This code will combine specimen submitted values from column version and "parsed section in the reports" version

In [3]:
if run_spec_sub_path_dx_combiner:
    print('Running Combiner...')
    run = None

print('Complete!')

Complete!


----------------
### Run code for abstracting elements for annotations
Once pathology reports are segmented, abstract data for annotations

#### Filenames

In [26]:
# TODO Segment pathologic diagnosis section of surgical pathology reports at the part level
# Call pathology_parsing_surgical_specimens.py

# Create annotation of source accession number for all pathology reports/specimen part, if indicated
## Constants
col_label_access_num = 'ACCESSION_NUMBER'
col_label_spec_num = 'SPECIMEN_NUMBER'
col_spec_sub = 'SPECIMEN_SUBMITTED'

fname_spec_part_dop = 'pathology_spec_part_dop.csv'
fname_combine_dop_accession = 'pathology_dop_impact_summary.csv'
fname_dop_anno = 'table_pathology_impact_sample_summary_dop_anno.csv'

#### PathologyExtractAccession
**Automatically abstracts source accession number for specimen submitted parts**
- Source file: `path_accessions.py`
- Input: Dataframe of specimens submitted. Each row is a part number of a report (Typically: `table_pathology_col_spec_sub.csv`)

- Output: Dataframe of accession and part number embedded in free-text (Typically: `path_accessions.csv`)

In [None]:
print('Running PathologyExtractAccession...')
obj_p = PathologyExtractAccession(pathname=c_dar.pathname,
                            fname=c_dar.fname_darwin_path_col_spec_sub,
                            col_label_access_num=col_label_access_num,
                            col_label_spec_num=col_label_spec_num,
                            col_spec_sub=col_spec_sub,
                            fname_out=c_dar.fname_accessions)

#### PathologyExtractDOP
**Extraction of DOP of the specimen part from specimen submitted sections**
- Source file: pathology_extract_dop.py
- Input: Dataframe of specimens submitted. Each row is a part number of a report (Typically: `table_pathology_col_spec_sub.csv`)
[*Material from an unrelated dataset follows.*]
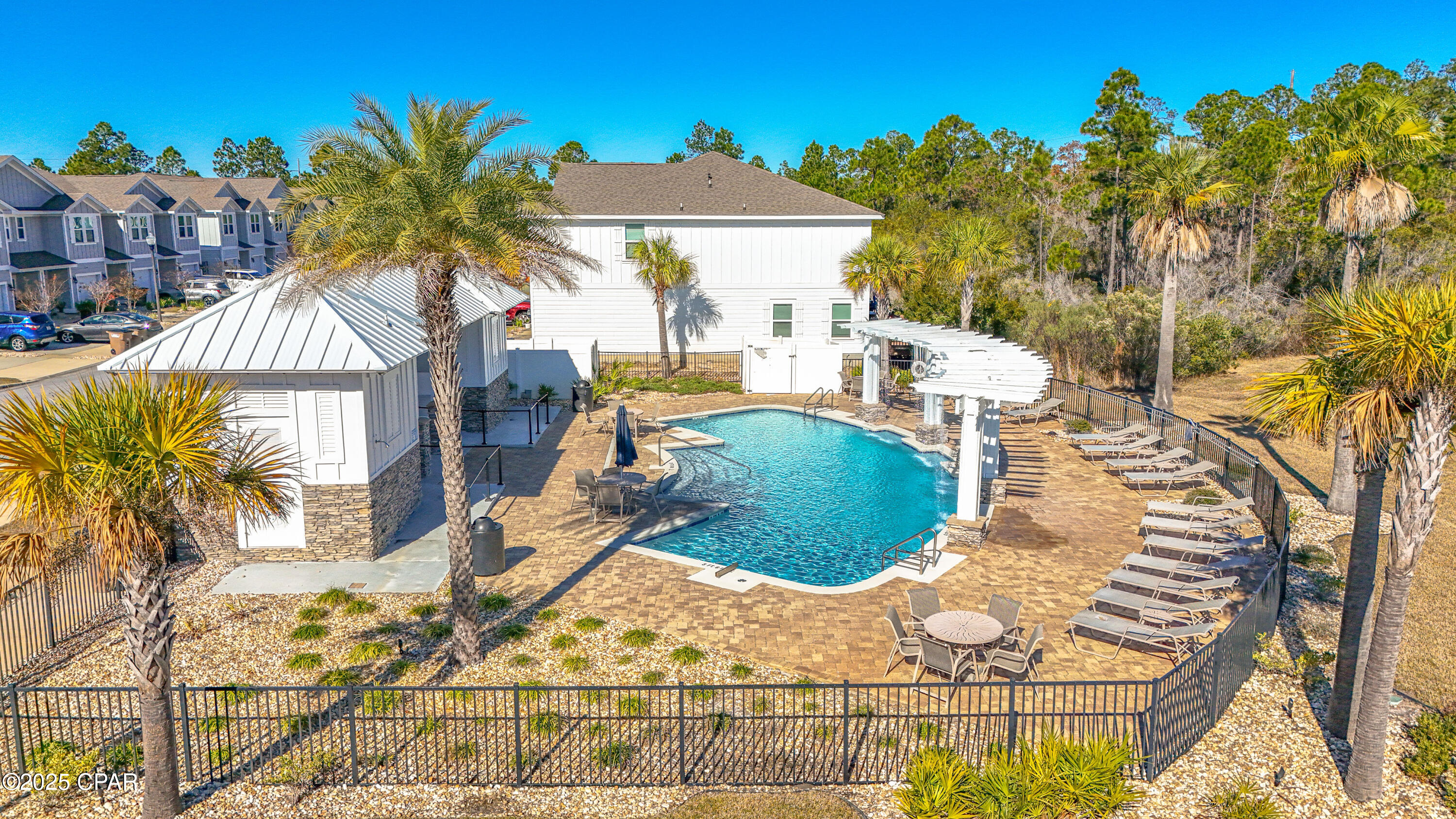 Hathaway Townhomes - Residential Lease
- Output: Dataframe of date of procedure for each part number embedded in free-text (Typically: `pathology_spec_part_dop.csv`)

In [None]:
# Create annotation for date of procedure (DOP) for all pathology reports/specimen part, if indicated
print('Running PathologyExtractDOP...')
obj_p = PathologyExtractDOP(pathname=c_dar.pathname,
                            fname=c_dar.fname_darwin_path_col_spec_sub,
                            col_label_access_num=col_label_access_num,
                            col_label_spec_num=col_label_spec_num,
                            col_spec_sub=col_spec_sub,
                            list_accession=None,
                            fname_out=c_dar.fname_spec_part_dop)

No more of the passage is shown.